## What you have to do
Nothing but the lines from the one containing "Jokowi Dorong Petani" through the end of the entries should be set down, each exactly as written.

## Data in this exercise
......

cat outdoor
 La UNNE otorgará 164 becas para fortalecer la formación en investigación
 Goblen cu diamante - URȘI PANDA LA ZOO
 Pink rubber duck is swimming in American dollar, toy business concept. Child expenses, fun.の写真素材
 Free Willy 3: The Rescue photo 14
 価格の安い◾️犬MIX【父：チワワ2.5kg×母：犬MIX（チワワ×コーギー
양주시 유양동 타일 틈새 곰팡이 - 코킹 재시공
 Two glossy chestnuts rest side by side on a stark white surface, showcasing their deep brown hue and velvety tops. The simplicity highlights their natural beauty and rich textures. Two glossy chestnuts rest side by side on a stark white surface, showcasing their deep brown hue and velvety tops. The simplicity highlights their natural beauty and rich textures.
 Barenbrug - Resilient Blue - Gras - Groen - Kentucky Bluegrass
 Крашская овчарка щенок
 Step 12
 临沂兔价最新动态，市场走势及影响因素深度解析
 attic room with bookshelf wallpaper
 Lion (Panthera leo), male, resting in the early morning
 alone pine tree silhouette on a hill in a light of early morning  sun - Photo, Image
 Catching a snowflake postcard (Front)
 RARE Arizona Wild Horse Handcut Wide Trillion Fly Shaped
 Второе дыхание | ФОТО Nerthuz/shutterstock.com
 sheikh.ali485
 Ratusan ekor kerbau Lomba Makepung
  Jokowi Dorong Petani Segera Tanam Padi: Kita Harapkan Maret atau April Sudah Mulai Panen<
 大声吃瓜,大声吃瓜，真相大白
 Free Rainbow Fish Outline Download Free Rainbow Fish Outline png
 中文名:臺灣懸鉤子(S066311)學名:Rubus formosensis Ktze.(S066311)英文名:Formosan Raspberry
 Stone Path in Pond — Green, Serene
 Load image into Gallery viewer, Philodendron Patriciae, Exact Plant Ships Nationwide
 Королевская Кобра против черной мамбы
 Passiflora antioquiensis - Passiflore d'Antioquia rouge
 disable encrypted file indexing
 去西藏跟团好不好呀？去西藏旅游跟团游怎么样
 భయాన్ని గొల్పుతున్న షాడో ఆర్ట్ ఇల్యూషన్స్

......

## Response to this task
  Jokowi Dorong Petani Segera Tanam Padi: Kita Harapkan Maret atau April Sudah Mulai Panen<
 大声吃瓜,大声吃瓜，真相大白
 Free Rainbow Fish Outline Download Free Rainbow Fish Outline png
 中文名:臺灣懸鉤子(S066311)學名:Rubus formosensis Ktze.(S066311)英文名:Formosan Raspberry
 Stone Path in Pond — Green, Serene
 Load image into Gallery viewer, Philodendron Patriciae, Exact Plant Ships Nationwide
 Королевская Кобра против черной мамбы
 Passiflora antioquiensis - Passiflore d'Antioquia rouge
 disable encrypted file indexing
 去西藏跟团好不好呀？去西藏旅游跟团游怎么样
 భయాన్ని గొల్పుతున్న షాడో ఆర్ట్ ఇల్యూషన్స్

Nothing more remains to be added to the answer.